France has a first right to exploit any natural resource discovered on the territory of its former colonies. Also in this case, only after an explicit non-interest from France, they’re allowed to seek other partners.
The former colonies are forced to pay for the country’s infrastructure that France takes credit for building during colonization.
France has an exclusive right to supply equipment and training to African military officers and to intervene militarily and deploy troops permanently in its former colonies, which are prohibited from looking for any form of military cooperation and protection outside of that offered by the French government.
The EU has done little to nothing to address this foul neocolonial scheme.

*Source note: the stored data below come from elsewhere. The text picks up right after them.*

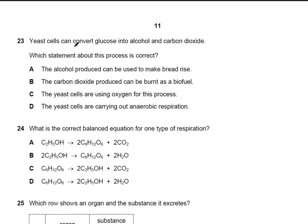Question 23: yeast cells convert glucose into alcohol and carbon dioxide. Statement A is wrong — it's carbon dioxide that makes bread rise, not alcohol. B is wrong — CO₂ cannot be burnt as a biofuel. C is wrong — yeast respires anaerobically, not using oxygen. D is correct: yeast cells are carrying out anaerobic respiration. The answer is D.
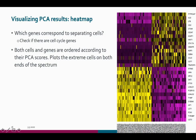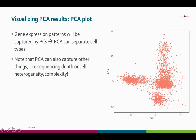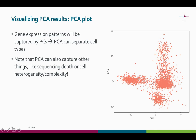Here's another representation of the principal components. You can see the cells and the genes, and this heatmap shows which genes correspond to separating the cells. Both the cells and the genes are ordered according to their PCA scores, plotting the extremes of both ends of the spectrum. Here we can see principal components 1 and 2 of a dataset — each dot is a cell. You can capture some gene expression patterns with principal components and separate cell types. Note, however, that PCA can also capture other things like sequencing depth or cell heterogeneity or complexity, so it's not always the best method for visualizing your data — that's why we use other methods for that.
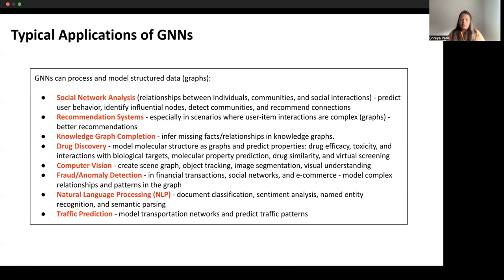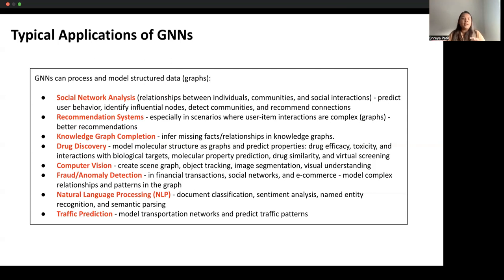Typical applications of graph neural networks include social network analysis, recommendation systems, and knowledge graph completion. Most importantly, GNNs are currently most used in drug discovery, where molecular structures are modeled as graphs to predict properties such as drug efficiency, toxicology, and binding affinity of a drug molecule to a biological or protein molecule. Other applications include computer vision, fraud and anomaly detection, NLP models, and traffic predictions.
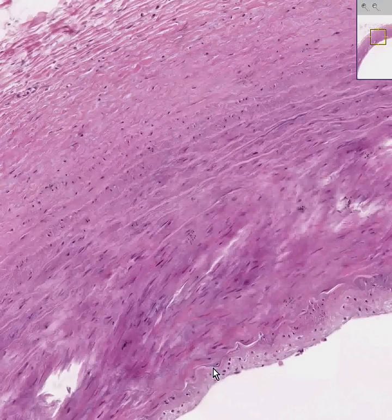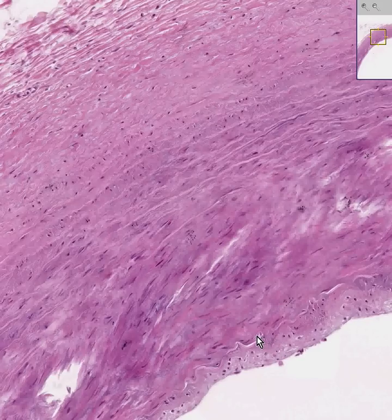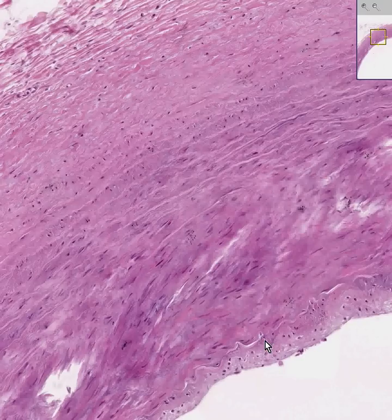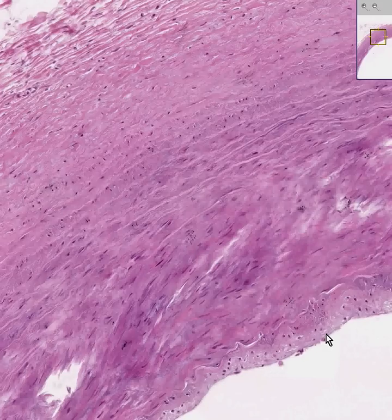Then you have this large, wavy, squiggly elastic fiber called the internal elastic lamina. Everything deep to that towards the lumen is the connective tissue of the intima. And if you're lucky, and if we looked around, you could see individual endothelial cells lining the lumen.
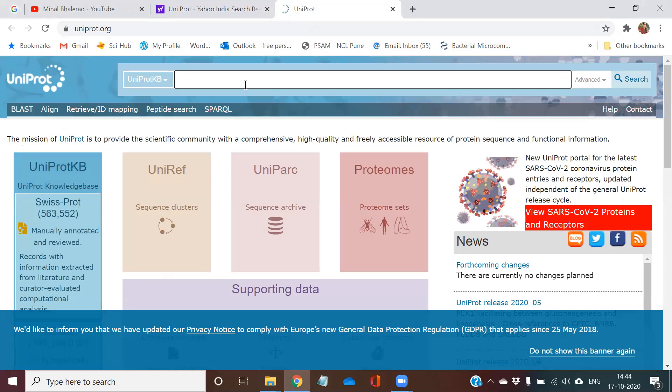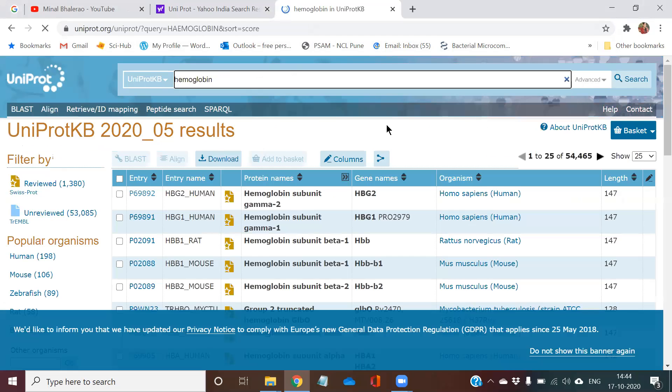Now, whichever protein you want, you can type the name in the search box. Suppose I want to study the structure of hemoglobin protein. So I am typing the name of hemoglobin and pressing enter.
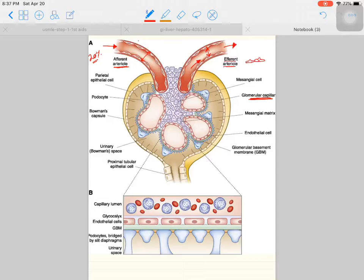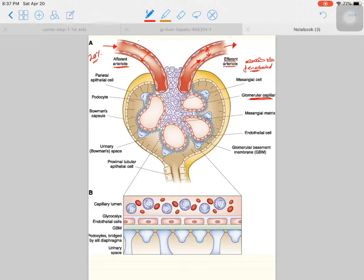The glomerular cells have fenestrations and gaps between them. These fenestrations help in filtration, so they are called fenestrated capillaries. These fenestrated capillaries have fenestrations that play a key role in the filtration process.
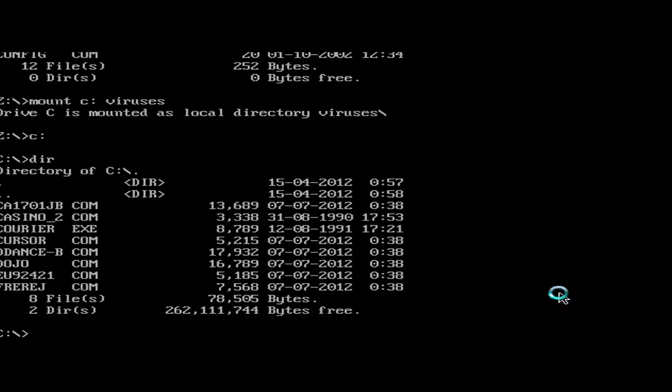Today we're going to be taking a look at the casino virus. It's supposed to be very destructive, but it didn't really do anything.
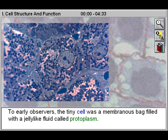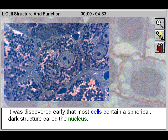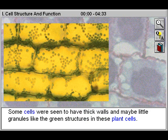To early observers, the tiny cell was a membranous bag filled with a jelly-like fluid called protoplasm. It was discovered early that most cells contain a spherical dark structure called the nucleus.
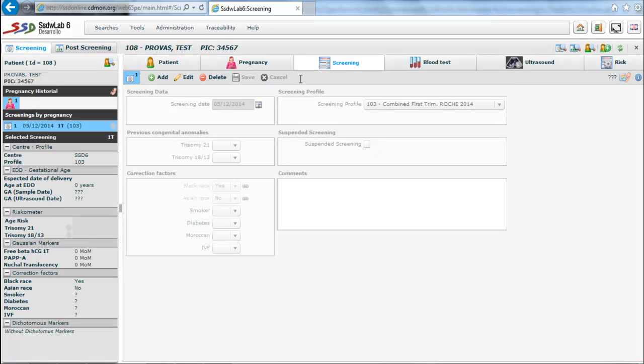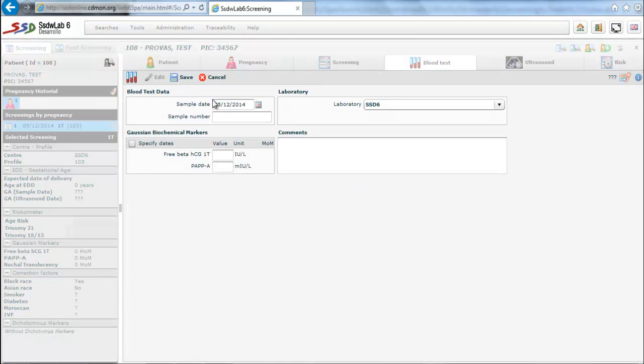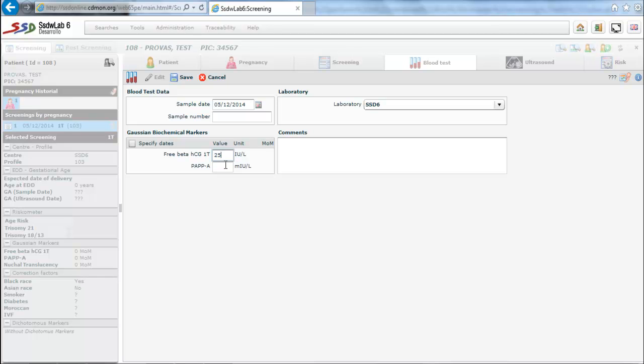The following is blood test folder. We enter the date of the sample, which normally coincides with the date of screening. We will also enter the values of Gaussian biochemical markers that in this screening profile are chorionic gonadotropin beta with its free fraction and pregnancy associated plasma protein A.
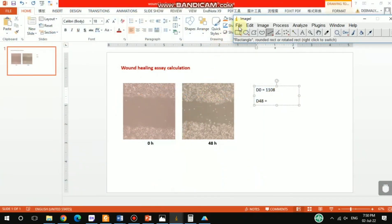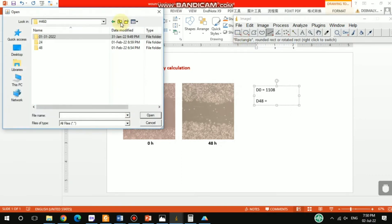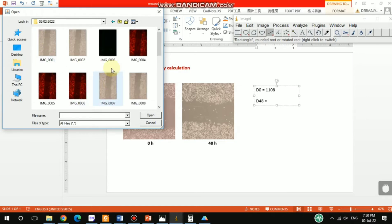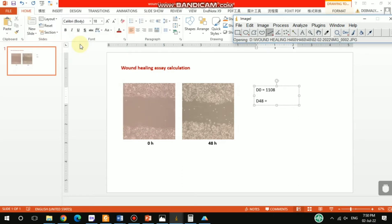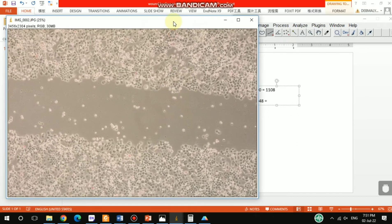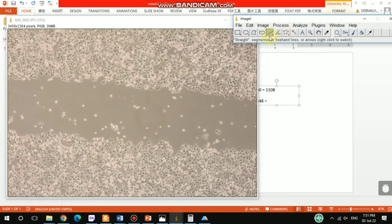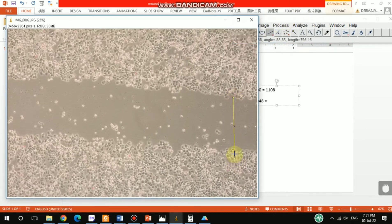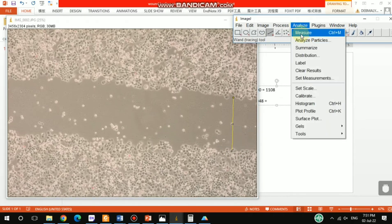Now let's start with the 48-hour image. Open the image file for 48 hours. As you can see in these pictures, the cells have migrated after 48 hours. Let's measure this distance — go to Analyze and Measure to get the first value.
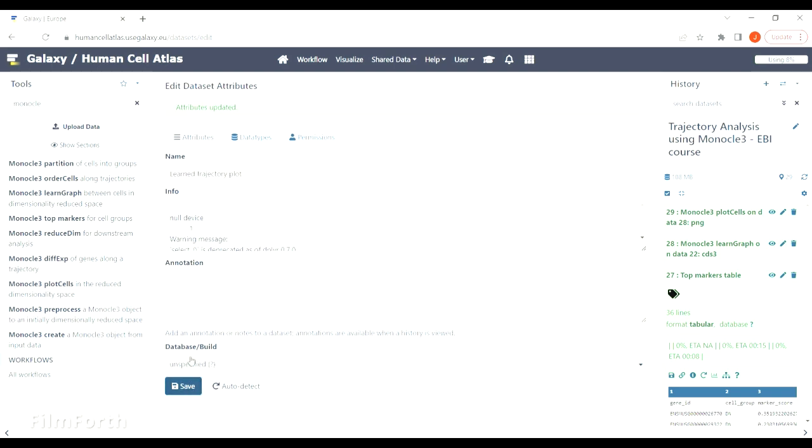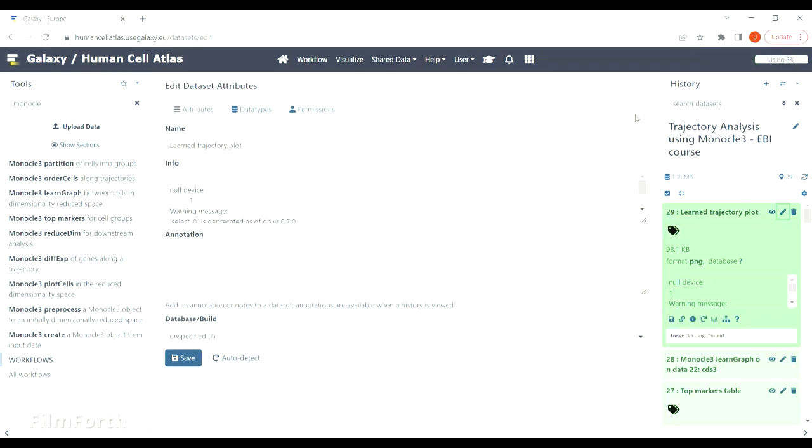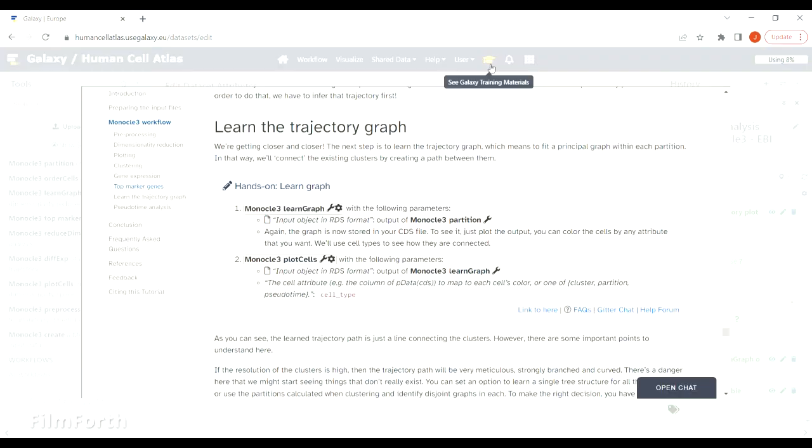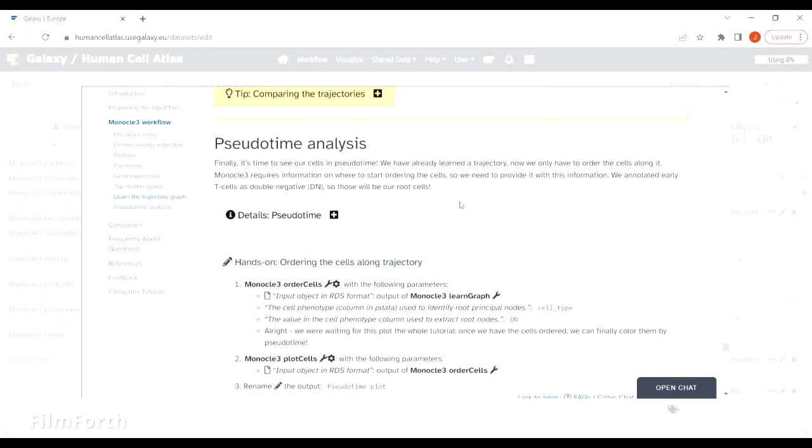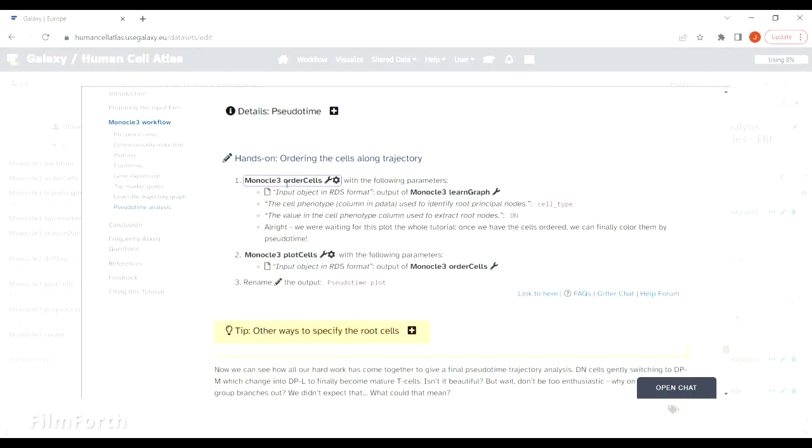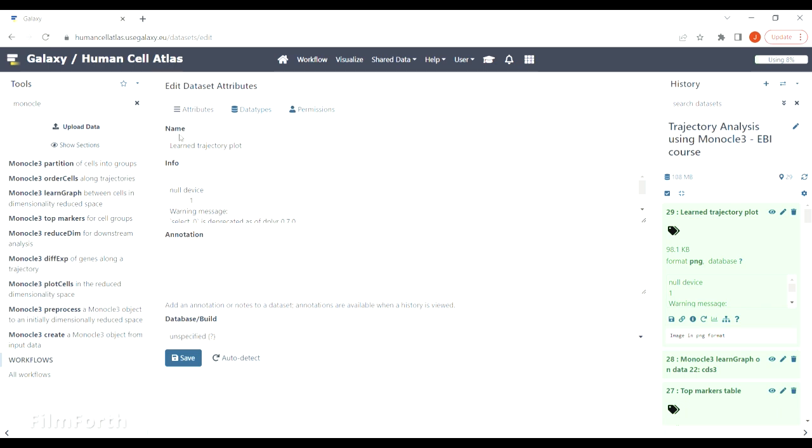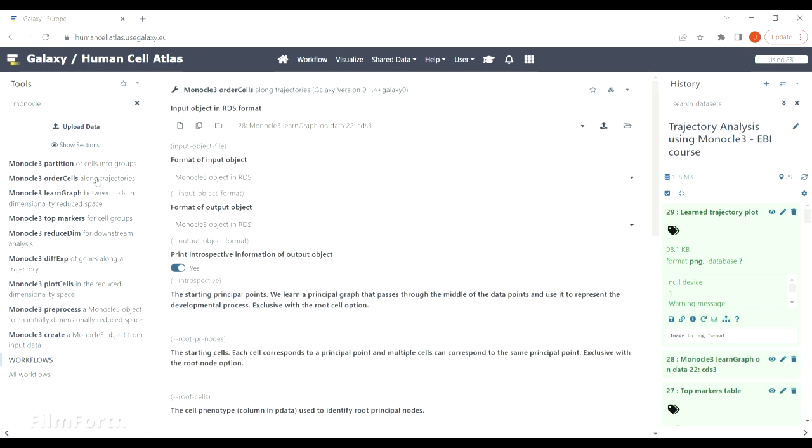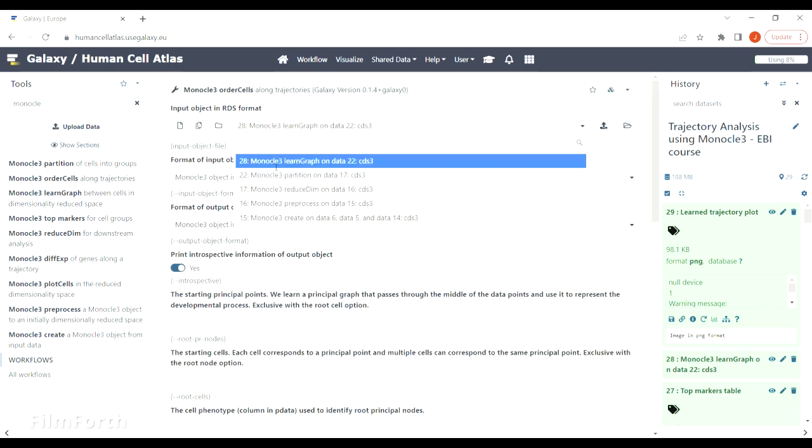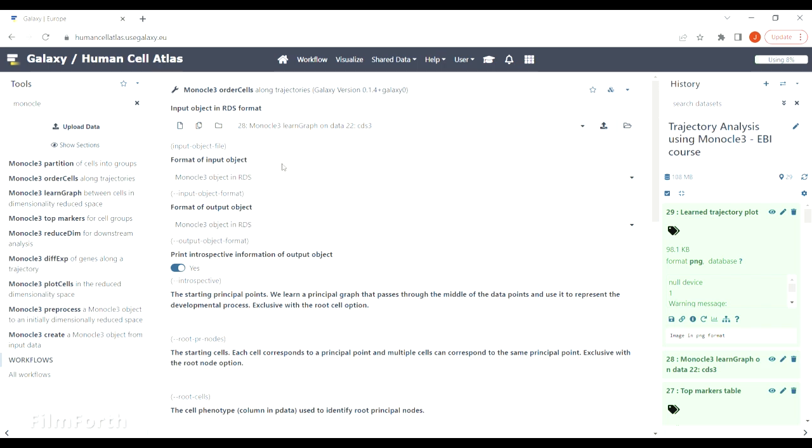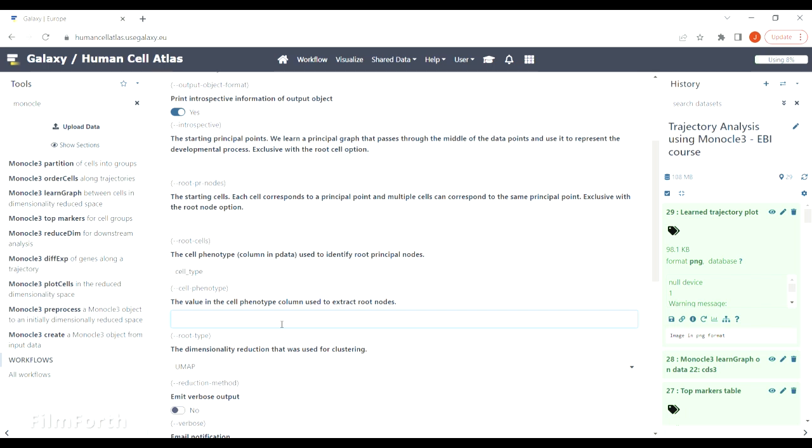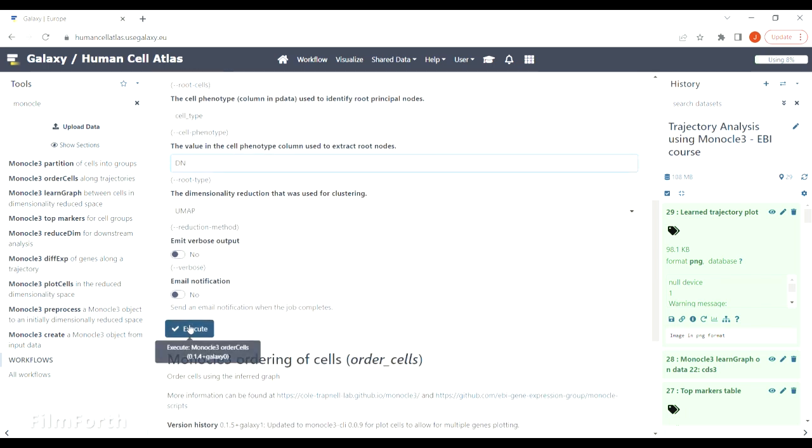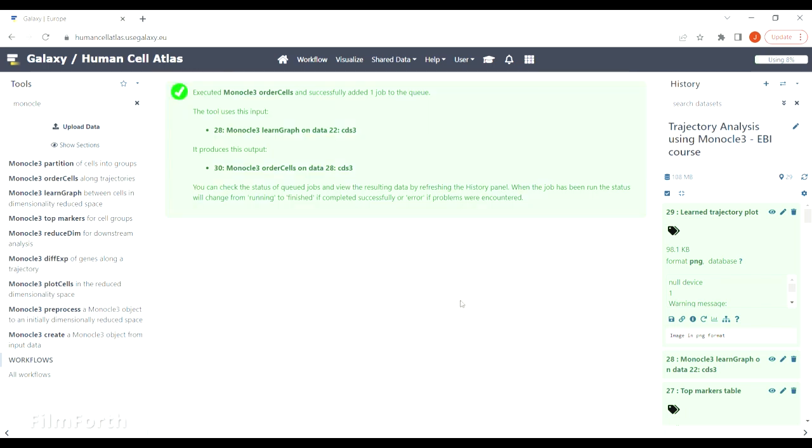We will need it to order the cells along this trajectory. To do so, we will use order cells tool and visualize the output in pseudotime. To order the cells, Monocle needs a starting point. You can specify the starting point in different ways, but we will use double negative cells as starting point. We know that they are stored in cell type column, so let's just type in those values.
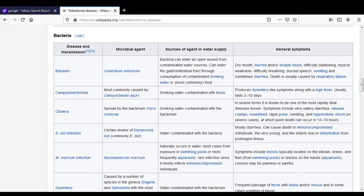The third disease is Cholera. The causative agent is Vibrio cholerae. It enters the water supply through water contaminated with bacteria or fecal matter. Cholera is one of the most rapidly fatal illnesses known. Symptoms include watery diarrhea, nausea, abdominal cramps, nosebleeding, rapid pulse rate, vomiting, and in severe cases hypovolemic shock, at which point death can occur within 10 to 18 hours.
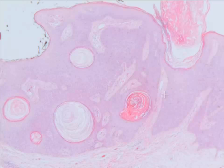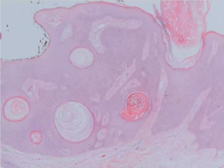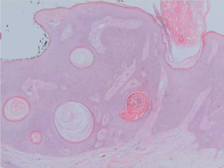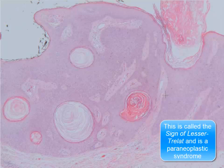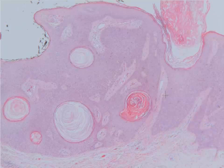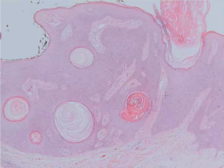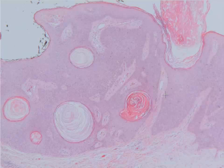These are all features of a seborrheic keratosis that you can see histologically. Remember that whenever you see hundreds of these pop up, one thing you always want to make sure you rule out is some kind of visceral malignancy like stomach cancer. In summary, we have a seborrheic keratosis with multiple keratin cysts and a basal proliferation of cells.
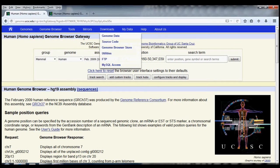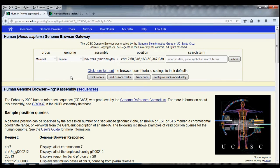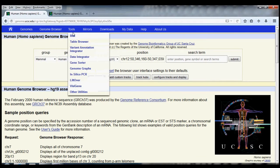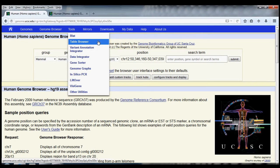In the last UCSC Genome Browser tutorial, we discussed the tool BLAT, which allowed us to take a sequence of nucleotide letters and find where that sequence is present in the human genome. In this video, we're going to discuss another UCSC Genome Browser tool, the Table Browser. In some ways, the Table Browser does the opposite of BLAT — we can take pieces of the genome and ask the Table Browser to give us the sequence of those regions.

Yet the forced underdevelopment of African countries is the primary cause of migration – and today, nothing splits Europe as refugee policies do. Possibly, the European elites rather than allowing Africa to develop and give natives the opportunity to work in their countries and get a decent life, prefer to benefit from the migration business? Open-doors Chancellor Merkel, who has the Africans’ lot at heart, asked to transfer the CFA franc revenues from the French Treasury to the ECB. The French plunder of Africa would turn into an EU asset. A progressive proposal, right?